Pengertian Taubat Nasuha

Pengertian Taubat Nasuha 

Di antara perintah Allah Ta’ala kepada hamba-Nya adalah perintah untuk taubat. Taubat ini adalah jalan yang ditunjukkan oleh Allah Ta’ala sebagai sarana agar para hamba-Nya memperbaiki diri atas dosa, maksiat, dan kesalahan yang telah mereka perbuat. Allah Ta’ala berfirman,

“Hai orang-orang yang beriman, bertaubatlah kepada Allah dengan taubat nasuhaa (taubat yang semurni-murninya).” (QS. At-Tahrim [66]: 8).

Oleh karena itu, taubat merupakan ibadah yang sangat agung dan memiliki banyak keutamaan. [1] Lalu, apa maksud taubat nasuha sebagaimana yang Allah Ta’ala perintahkan dalam ayat di atas?

Makna Pertama: Taubat yang Murni (Ikhlas) dan Jujur

Secara bahasa, ??? (na-sha-kha) artinya sesuatu yang bersih atau murni (tidak bercampur dengan sesuatu yang lain). Sesuatu disebut (an-naashikh), jika sesuatu tersebut tidak bercampur atau tidak terkontaminasi dengan sesuatu yang lain, misalnya madu murni atau sejenisnya. Di antara turunan kata  adalah  (an-nashiihah). (Lihat Lisaanul ‘Arab, 2/615-617).

Berdasarkan makna bahasa ini, taubat disebut dengan taubat nasuha jika pelaku taubat tersebut memurnikan, ikhlas (hanya semata-mata untuk Allah), dan jujur dalam taubatnya. Dia mencurahkan segala daya dan kekuatannya untuk menyesali dosa-dosa yang telah diperbuat dengan taubat yang benar (jujur).
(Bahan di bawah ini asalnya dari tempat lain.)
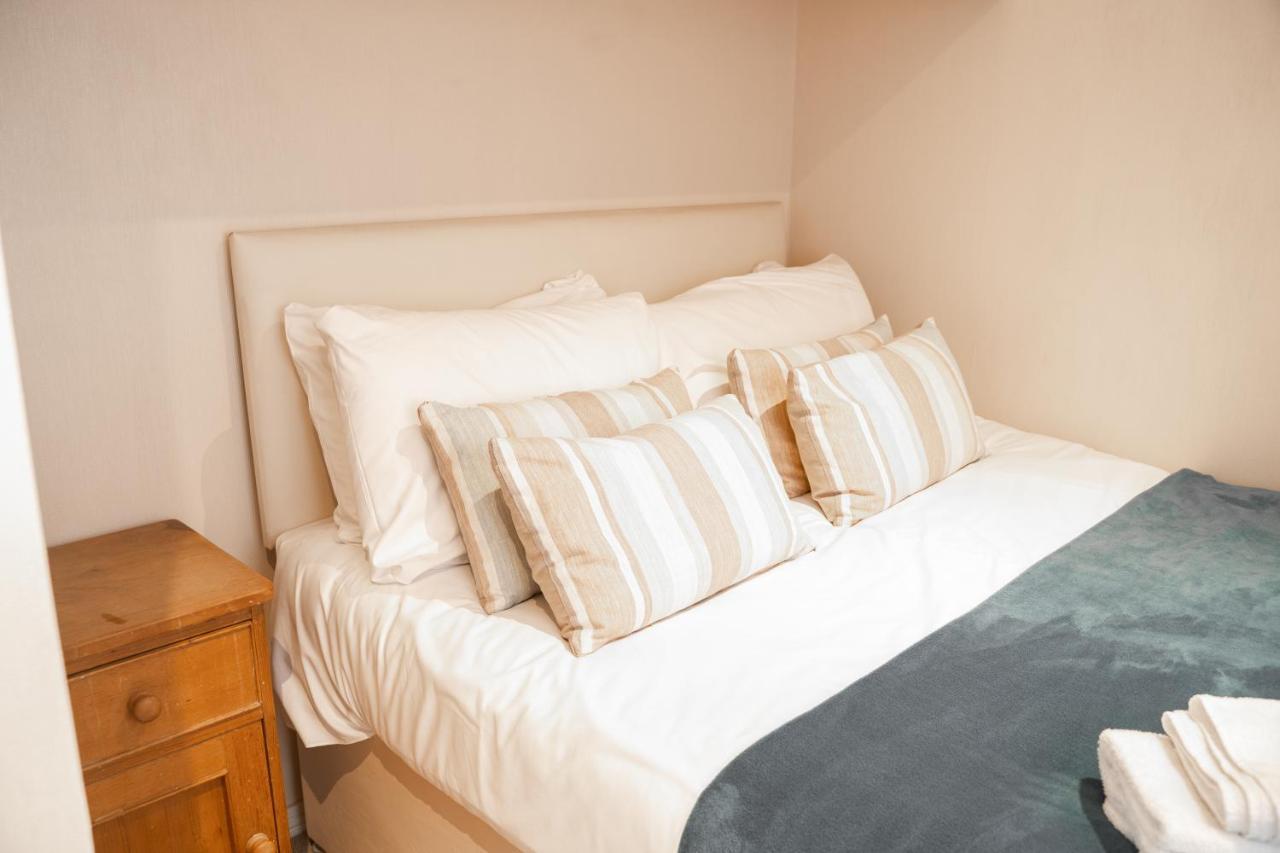 Pass The Keys The Lodge At Point House Farm - Sleeps Up To 6 Chester Eksteriør billede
Ibnu Katsir rahimahullah berkata ketika menjelaskan ayat di atas,

Yaitu taubat yang jujur, yang didasari atas tekad yang kuat, yang menghapus kejelekan-kejelekan di masa silam, yang menghimpun dan mengentaskan pelakunya dari kehinaan” (Tafsir Al-Qur’anul ‘Adzim, 4/191).

Ketika menjelaskan ayat di atas, penulis kitab Tafsir Jalalain berkata,

Taubat yang jujur, yaitu dia tidak kembali (melakukan) dosa dan tidak bermaksud mengulanginya.” (Tafsir Jalalain, 1/753).

Ibnul Qayyim rahimahullah berkata,

An-nush-khu dalam taubat, ibadah, dan nasihat artinya memurnikan perkara-perkara tersebut dari semua kotoran, kekurangan, dan kerusakan. Seseorang melaksanakannya dalam bentuk yang paling sempurna.” (Madaarijus Saalikiin, 1/309-310).

Taubat nasuha ini akan terasa pengaruhnya bagi pelakunya, yaitu orang lain kemudian mendoakan kebaikan untuknya.

Al-Alusi rahimahullah berkata,

Taubat nasuha boleh juga dimaknai dengan taubat yang mendatangkan doa dari manusia. Artinya, manusia mendoakannya untuk bertaubat, sehingga tampaklah pengaruh taubat tersebut bagi pelakunya. Pelakunya pun mencurahkan kesungguhan dan tekad untuk melaksanakan konsekuensi dari taubatnya.“ (Ruuhul Ma’aani, 28/158).

Terdapat beberapa syarat agar taubat nasuha diterima, sebagaimana yang telah dijelaskan oleh para ulama rahimahumullah. [2]

Makna Ke dua: Taubat yang Memperbaiki Kerusakan dalam Agama akibat Perbuatan Maksiat

Penulis ‘Umdatul Qari menjelaskan,

Adapun makna asal dari ‘nashihah’ diambil dari seseorang yang menjahit pakaiannya, ketika dia menyulam pakaiannya dengan jarum.” (‘Umdatul Qari Syarh Shahih Bukhari, 1/321)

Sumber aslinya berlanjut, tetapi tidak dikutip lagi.